Background: Evaluating the performance of the available machine learning software is fundamental to ensure trustworthiness and improve automated diagnosis. This study compared the diagnostic accuracy of artificial intelligence (AI) system reporting with human readers for portable chest anteroposterior (AP) x-rays acquired patients in a semi-recumbent position. Methods: Ninety-four patients who underwent portable chest AP with clinical suspicion or confirmed COVID-19 were included in the study; among them, 65 were COVID-19 positive and 29 had symptoms. High-resolution computed tomography (HRCT) Chest was available for 39 patients.
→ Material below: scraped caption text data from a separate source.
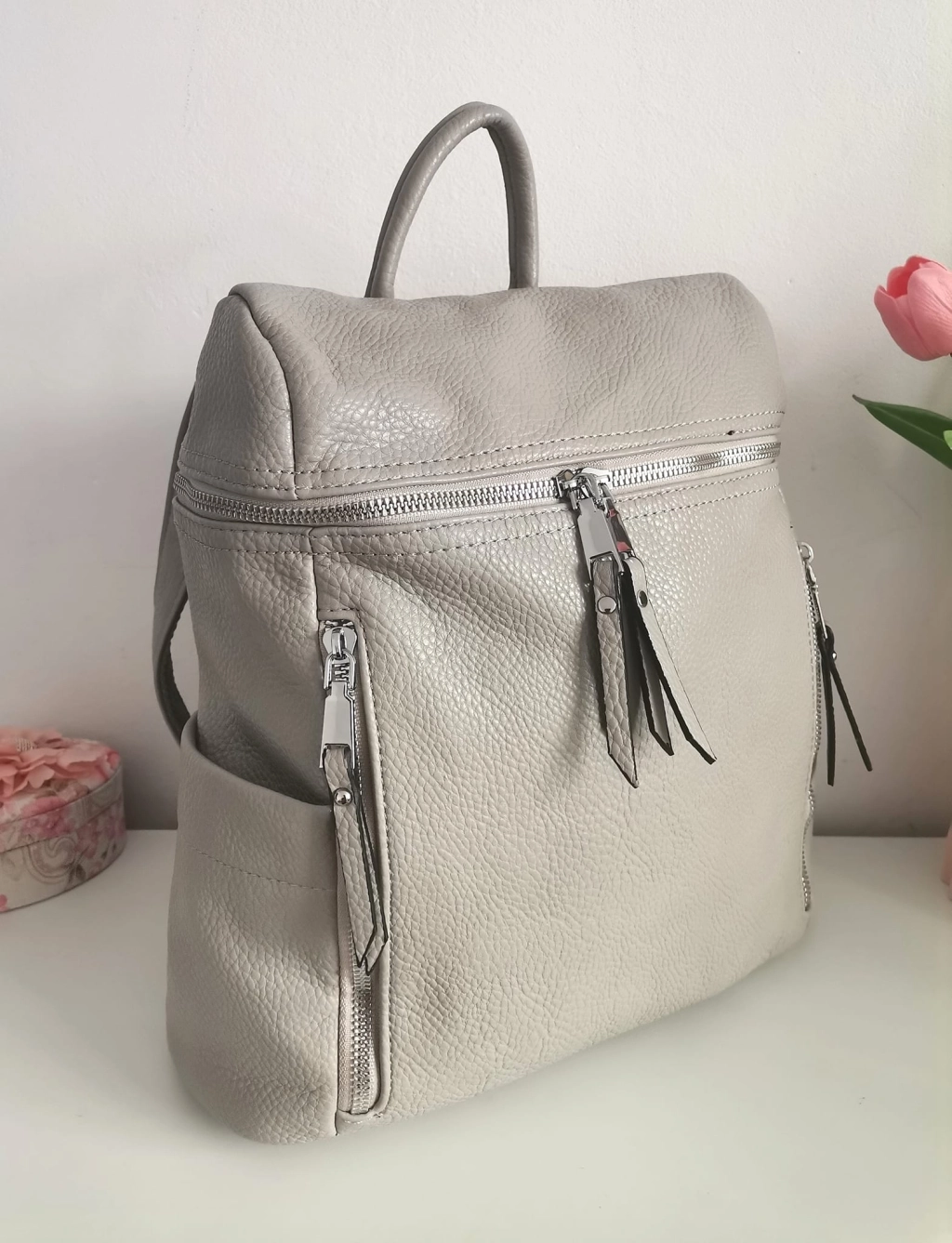 Comfortable backpack - bag with zipper on the back handles, short handles and pockets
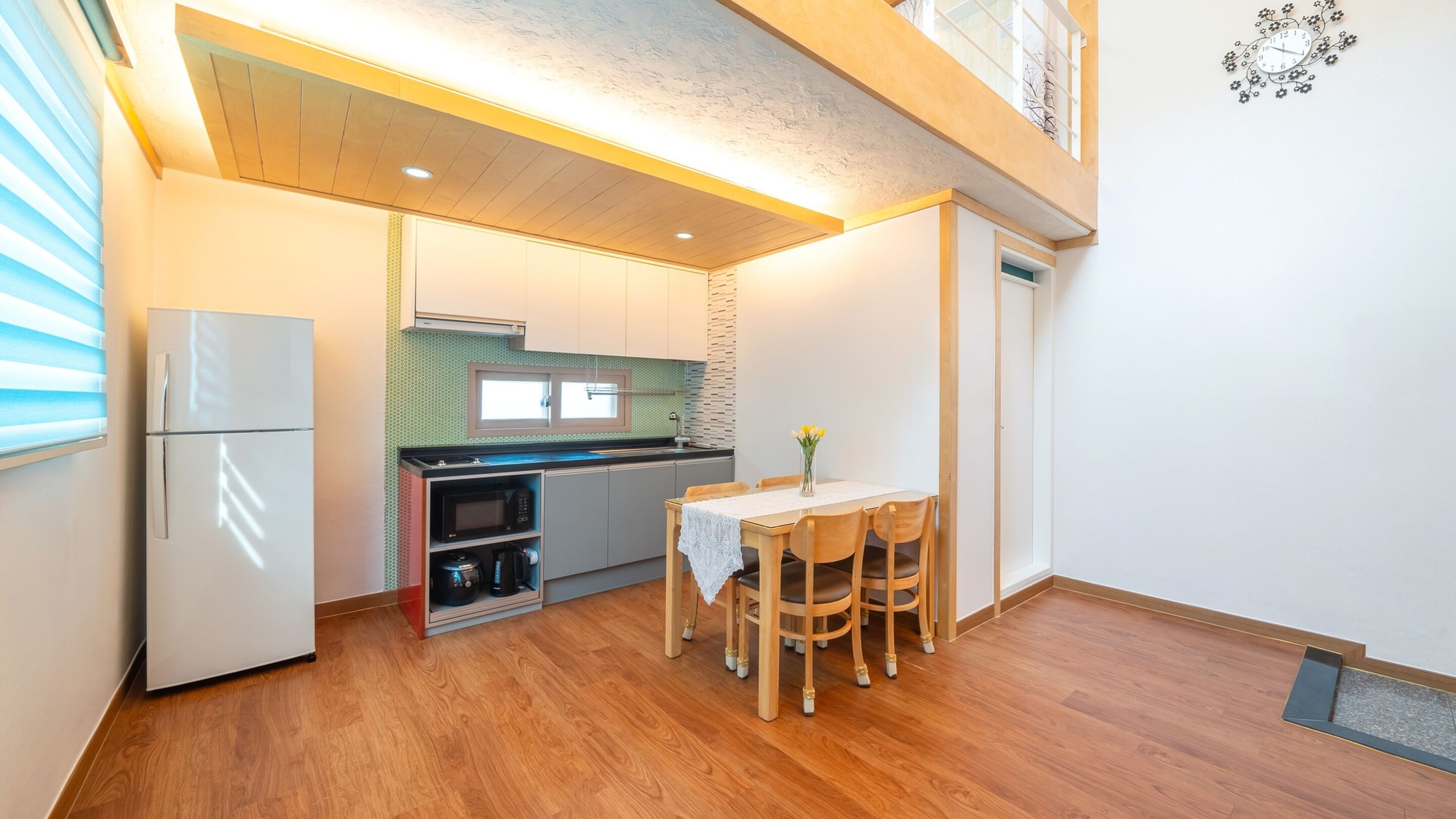 A compact kitchen with a refrigerator, microwave, stove, and dining table with chairs.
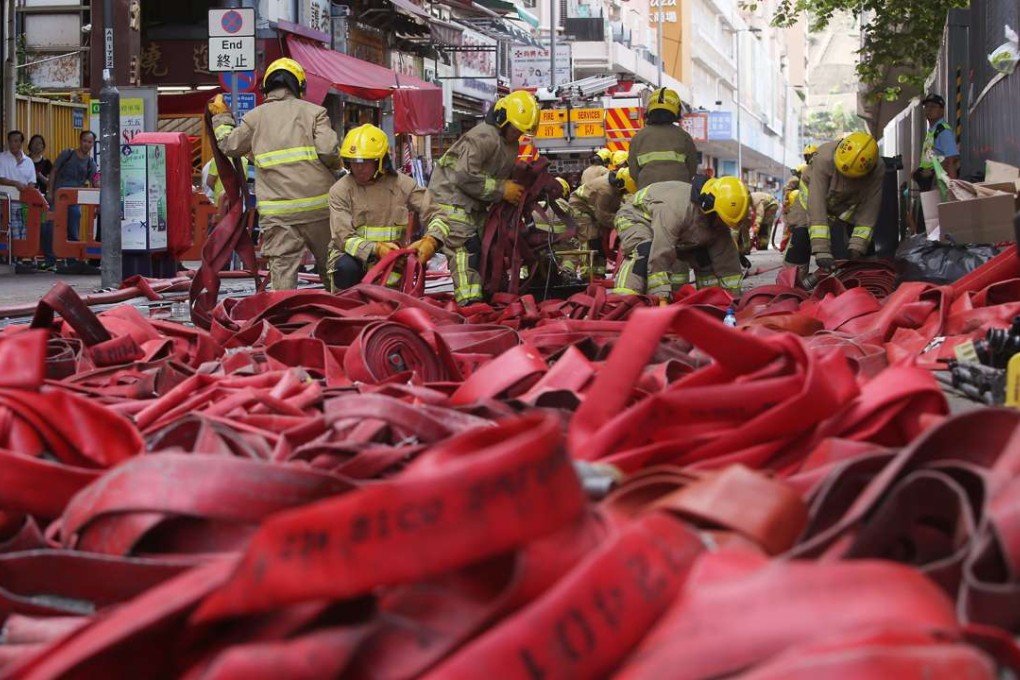 Firemen pick up their equipment after 5 days of 4th alarm fire in Ngau Tau Kok industrial building continues. Photo: Sam Tsang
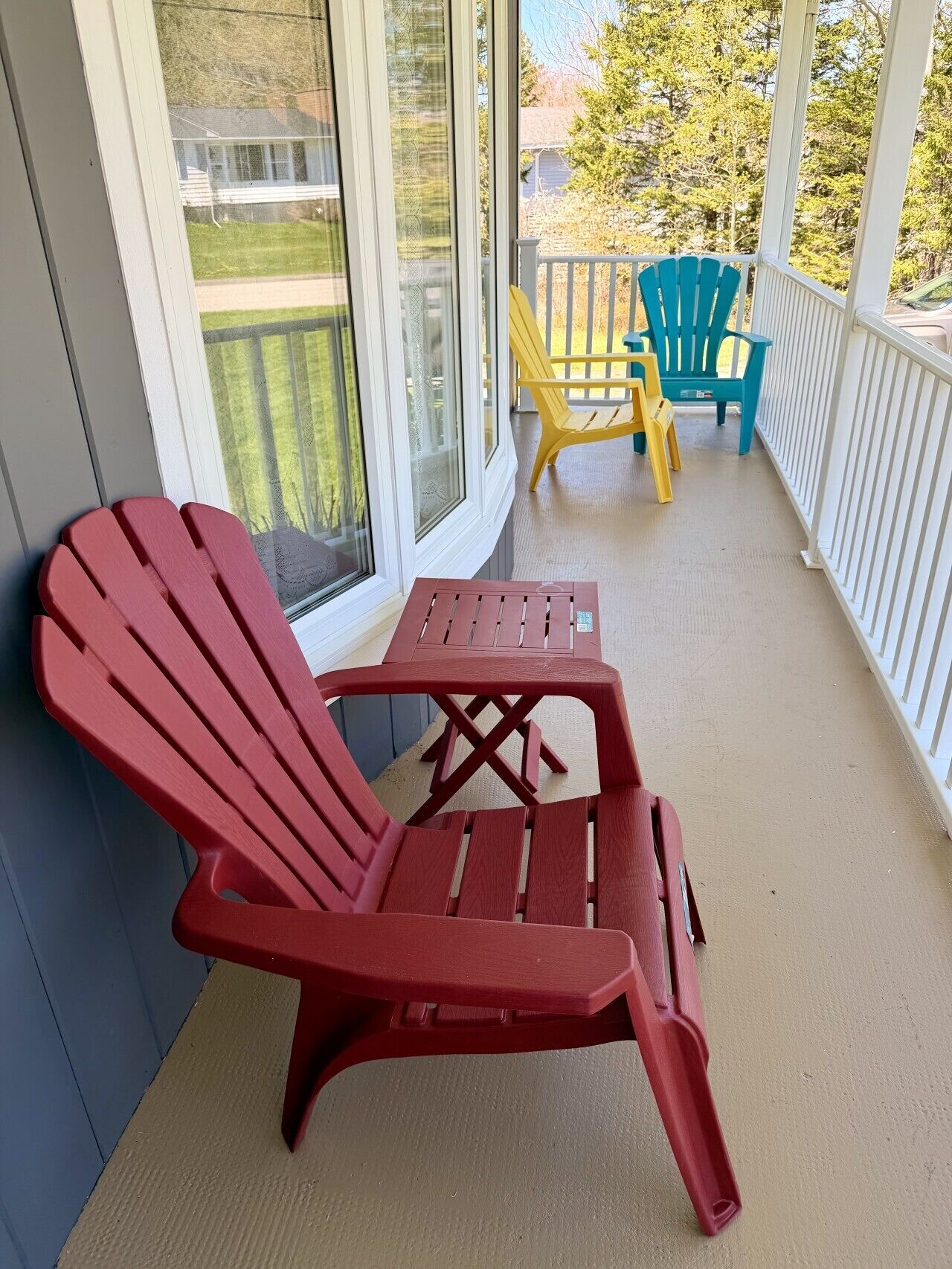 A red Adirondack chair on a covered porch with a view of a green lawn and trees.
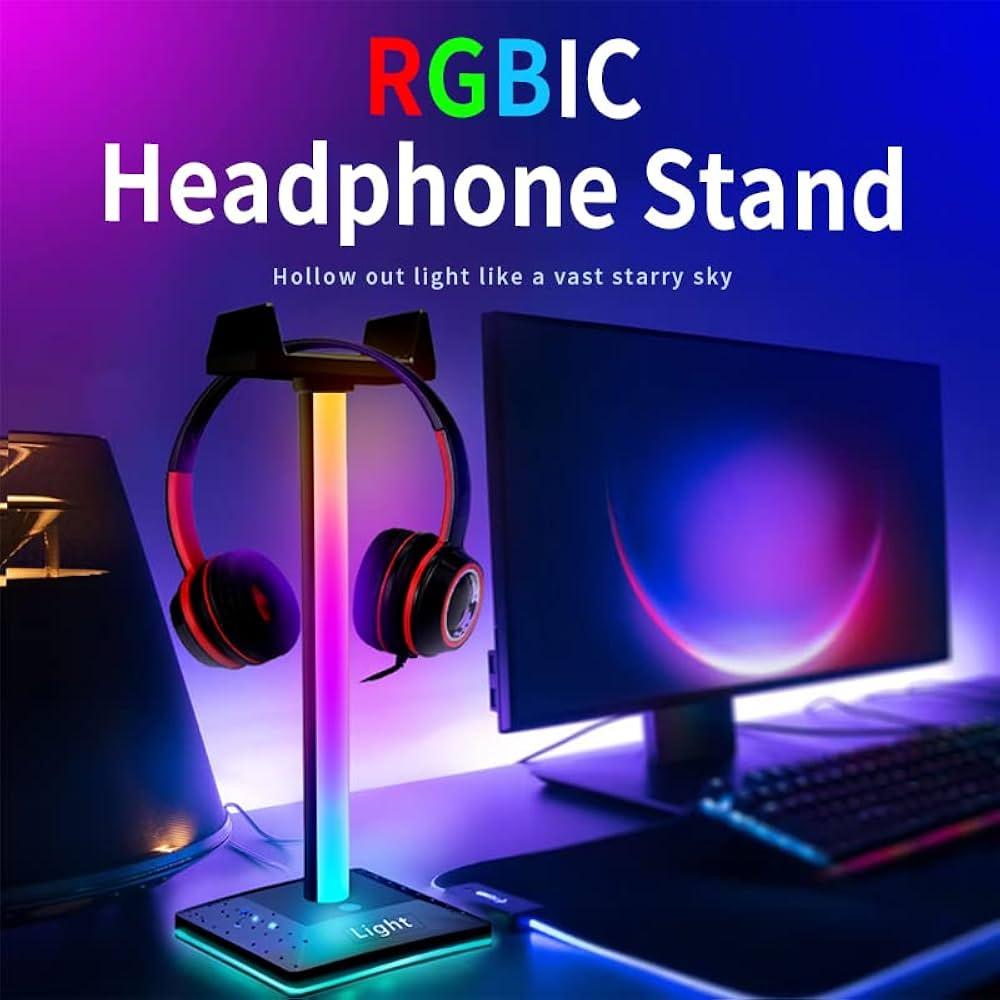 a desk with tech accessories like a laptop stand, colorful phone charger, and headphones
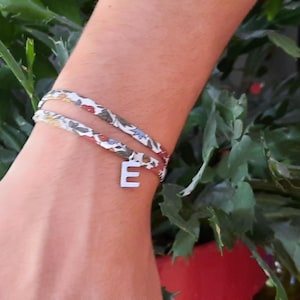 Peut inclure: Un bracelet en tissu à double tour orné d'un motif floral dans des tons de rouge, jaune et gris. Le bracelet est agrémenté d'une breloque en métal argenté en forme de lettre majuscule E, suspendue directement au ruban de tissu.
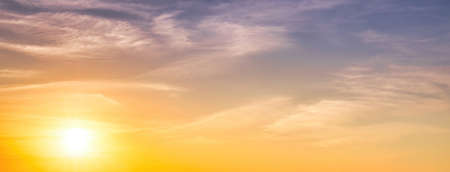 Colorful dramatic clouds lit by a sun against the sunset or sunrise sky. Cloudscape.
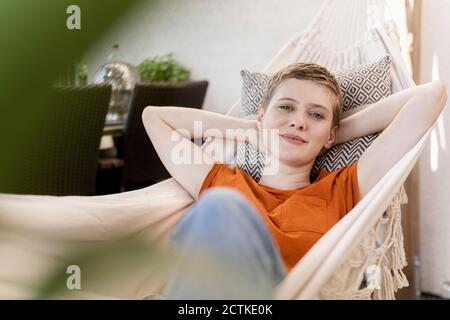 Lächelnde schöne Frau mit Händen hinter dem Kopf, die auf Hängematte ruhen Auf der Veranda Stockfoto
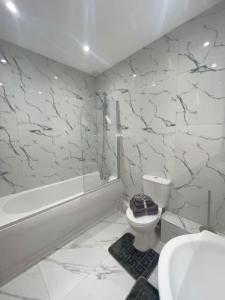 Flitwick Luxury 3 Bedroom Apartment في فليتويك: حمام مع مرحاض وحوض استحمام ومغسلة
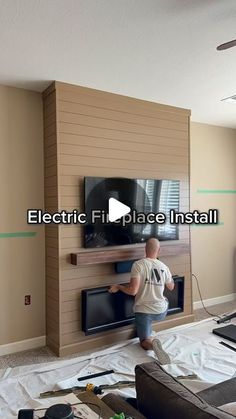 a man standing in front of a flat screen tv on top of a wooden wall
Images were read by two radiologists (R1, R2) and AI. In case of disagreement between R1 and R2, a third radiologist (R3) read the images; however, if HRCT Chest was available, we counted HRCT Chest instead of R3. Thus, the gold standard was HRCT or R1 = R2, R1 = R3, or R2 = R3. Results: The sensitivity of the AI system in detecting pleural effusion and consolidation was 100% and 91.3%, respectively. The specificity of the AI system in detecting pleural effusion and lung consolidation was 84% and 61%, respectively. Nevertheless, there is no good agreement between the gold standard and AI in the case of other chest pathologies. Conclusion: Significant moderate agreement with AI and gold standard was shown for pleural effusion and consolidation. There was no significant agreement between the gold standard and AI in the case of the widened mediastinum, collapse, and other pathologies. However, future studies with large sample sizes, multicentric with multiple clinical indications, and radiographic views are recommended.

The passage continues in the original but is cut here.